Someone has found a good use for lawyers, or at least the reams of paper they produce to print their legal advice, contracts and writs.

Grocon, the redevelopers of Sydney’s historic Legion House, plans to use the waste paper to feed a biomass-driven cogeneration plant, that will allow the building to supply its own energy needs, with a zero-carbon footprint.

It won’t even be connected to the grid – becoming the first refurbished CBD building to make such a claim in Australia.

Legion House – which is heritage listed because of its connection to the YWCA and its role as a women’s refuge for more than 60 years – is being redeveloped as part of a large retail and commercial development at 161 Castlereagh Street.

It will have two stories added – and will house the NSW headquarters of Grocon – as well as the St James Ethics Centre on a pro-bono basis.

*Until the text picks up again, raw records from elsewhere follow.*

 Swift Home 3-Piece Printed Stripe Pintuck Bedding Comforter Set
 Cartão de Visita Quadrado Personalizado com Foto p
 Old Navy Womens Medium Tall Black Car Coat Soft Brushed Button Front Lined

It plans to source the paper from Freehills, which will occupy several floors of the neighbouring 50-storey office tower. Using technology similar to that adopted in fuel-starved European countries in WWII, the shredded paper will be compacted into paper briquettes, fed into a biomass gasifier to produce syngas for a cogeneration plant, supported by batteries, which will supply electricity and heating to the building. Any excess power will be fed into the neighbouring office tower.

Grocon, which hosted a couple of dozen mostly foreign media on a site visit yesterday, extolling the ability to be able to respond to the carbon price with clever and efficiency ideas, says the development will set a new benchmark for heritage refurbishment and will become one of the most sustainable buildings in the world.

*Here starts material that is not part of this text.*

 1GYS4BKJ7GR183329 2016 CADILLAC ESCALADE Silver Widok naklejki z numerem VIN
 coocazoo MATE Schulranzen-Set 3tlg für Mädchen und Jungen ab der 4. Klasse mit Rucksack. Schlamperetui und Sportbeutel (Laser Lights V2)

In common terminology, the building is carbon neutral, but under new definitions it becomes an “autonomous zero carbon life cycle building” that refers to a building that is disconnected from the grid and uses renewable energy to offset carbon emissions from its operations and the embodied energy over the life cycle of the building.

Air conditioning will be supply using chilled beam technology, using 100 per cent fresh outside air, and its water needs met through rain captured on the roof.

The technologies are similar to that used in Grocon’s zero carbon Pixel development in Melbourne, but the first time it’s applied them to a renovation.

Stephen Nicol, Grocon’s project manager, says having achieved this for a 2,000 square metre development, the aim is now to look at 5,000sq m and then 10,000sq m developments.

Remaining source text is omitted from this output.